Autrement dit

21 leçons
Dans ma lettre ouverte du mois de juin 2018, je soulignais à quel point les changements rapides et profonds de notre société nous condamnaient à nous adapter. Condamner, ce terme curieusement a pu m’être reproché comme s’il équivalait à une sanction pénale prononcée par je ne sais quelle juridiction.

En écho de ce que j’écrivais alors, je vous livre de larges extraits du dernier livre de Yuval Noah HARARI, « 21 leçons pour le XXIe siècle ». Ils sont tirés d’un chapitre consacré à l’éducation.

Yuval Noah HARARI a écrit récemment plusieurs livres qui sont devenus des best sellers et en particulier « Sapiens – Une brève histoire de l’humanité » et « Homo deus – Une brève histoire du futur ». Il y développe des idées parfois très décapantes. Même s’il est possible de ne pas toutes les partager, l’immense succès qu’il rencontre atteste qu’il parvient assez bien à capter l’air du temps.

Avertissement : Certains passages peuvent heurter la sensibilité du lecteur (surtout parmi les plus âgés)

« La seule constante est le changement »

« L’humanité est confrontée à des révolutions sans précédent, tous nos vieux récits s’émiettent, et aucun nouveau récit n’est jusqu’ici apparu pour les remplacer. Comment nous préparer, nous et nos enfants, à ce monde de transformations inédites et d’incertitudes radicales ? »

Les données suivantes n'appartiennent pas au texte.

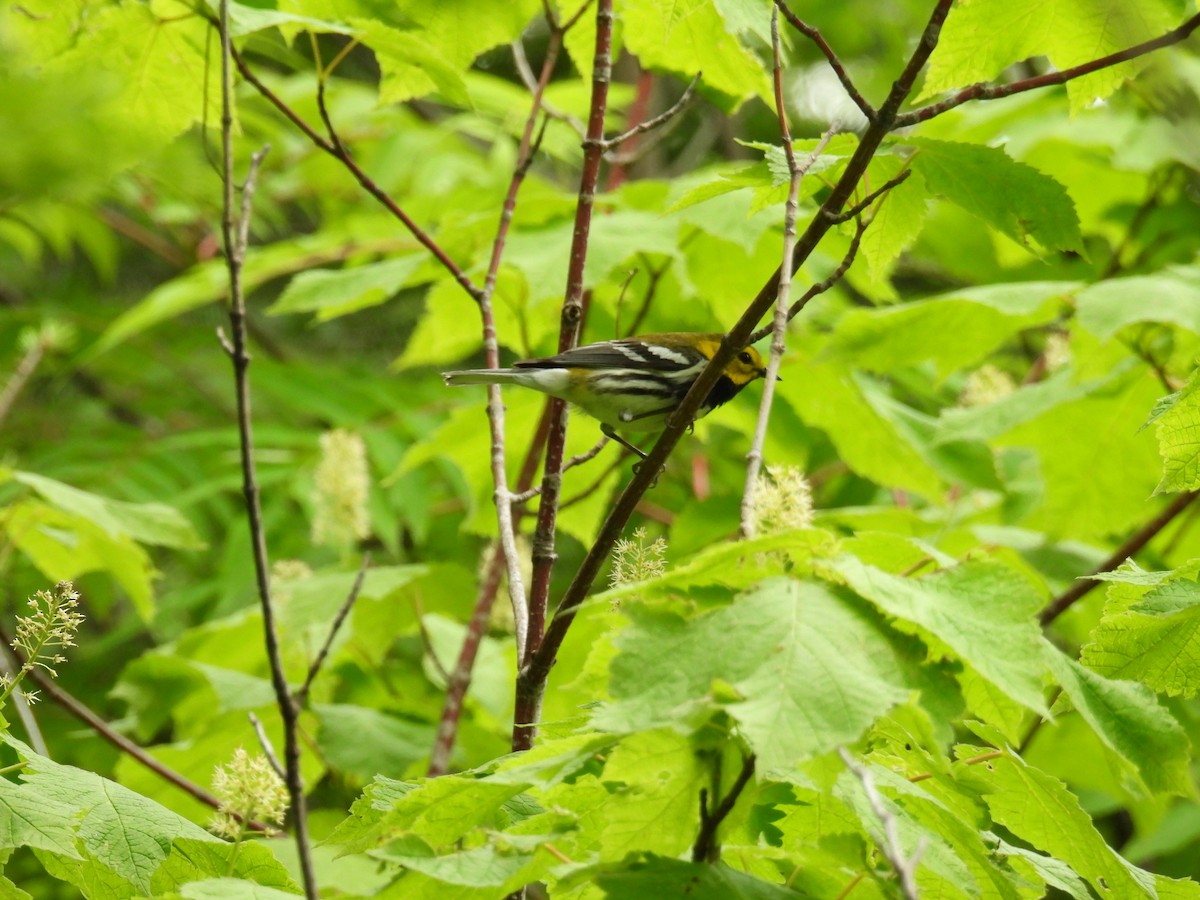 Black-throated Green Warbler - ML620840936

« Plus généralement, les écoles devraient minimiser l’importance des compétences techniques pour privilégier les compétences générales nécessaires dans la vie courante. La plus importante de toutes sera la capacité d’affronter le changement, d’apprendre des choses nouvelles et de préserver notre équilibre mental dans des situations peu familières. Pour être à la hauteur du monde de 2050, il faudra non seulement inventer des idées et des produits, mais d’abord et avant tout se réinventer sans cesse.

En effet, avec l’accélération du changement, l’économie mais aussi le sens même de l’« être humain » sont susceptibles de se transformer ».

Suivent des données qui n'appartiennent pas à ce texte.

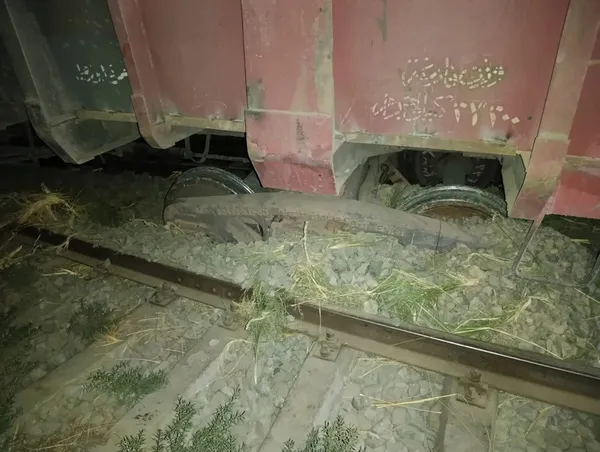 خروج 7 عربات طفل بقطار بنى سويف 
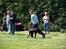 World dog show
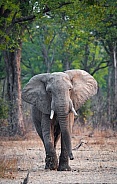 African Savannah Elephant charging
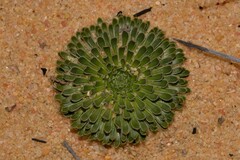 Stylidium ponticulus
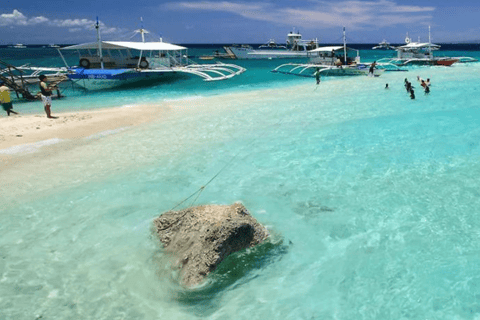 Cebu: Sumilon Isand Walvishaai en schildpad Snorkeltour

« Un tel changement en profondeur peut fort bien transformer la structure élémentaire de la vie et faire de la discontinuité son trait saillant. Depuis des temps immémoriaux, la vie se divisait en deux parties complémentaires : une période d’apprentissage, suivie d’une période de travail. Dans la première, vous aviez accumulé des informations, acquis des compétences, élaboré une vision du monde et construit une identité stable. (…). Dans la seconde partie, vous vous en remettiez à vos connaissances accumulées pour naviguer dans le monde, gagner votre vie et contribuer à la société. (…).

Au milieu du XXIe siècle, l’accélération du changement et l’allongement de la durée de vie rendront ce modèle traditionnel obsolète. La vie craquera aux entournures, il y aura de moins en moins de continuité entre les différentes périodes de l’existence. « Qui suis-je ? » sera une question plus urgente et compliquée que jamais.

Cela induira probablement des niveaux de stress considérables. Car le changement est presque toujours stressant. Passé un certain âge, la plupart des gens n’aiment pas changer. À quinze ans, votre vie entière est changement. Le corps grandit, l’esprit se développe, les relations s’approfondissent. Tout est en mouvement, tout est nouveau. Vous êtes occupé à vous inventer. La plupart des ados s’en effraient, mais c’est aussi excitant. De nouveaux horizons s’ouvrent à vous, vous avez tout un monde à conquérir.

À cinquante ans, vous n’avez pas envie de changement ; la plupart ont alors renoncé à conquérir le monde. (…) Vous préférez de beaucoup la stabilité. Vous avez tellement investi dans vos compétences, votre carrière, votre identité et votre vision du monde que vous n’avez aucune envie de tout recommencer. Plus vous avez travaillé dur pour construire quelque chose, plus il vous est difficile de le lâcher pour faire place à du nouveau. Vous pourriez encore apprécier les expériences nouvelles et les petits ajustements, mais à la cinquantaine la plupart des gens ne sont pas prêts à chambouler les structures profondes de leur identité et de leur personnalité.

Il y a des raisons neurologiques à cela. Bien que le cerveau adulte soit plus flexible et changeant qu’on ne le pensait autrefois, il reste moins malléable que celui d’un adolescent. Reconnecter les neurones et recâbler les synapses est une tâche sacrement difficile. Au XXIe siècle, cependant, on ne peut guère se permettre la stabilité. Si vous essayez de vous accrocher à une identité stable, un travail ou une vision du monde, vous risquez fort de vous retrouver en rade tandis que le monde continuera sa course folle. L’espérance de vie étant susceptible d’augmenter, vous pourriez passer des décennies dans un état de fossile paumé. Pour garder une pertinence – économique, mais aussi sociale -, un jeune de cinquante ans devra être capable d’apprendre et de se réinventer constamment ».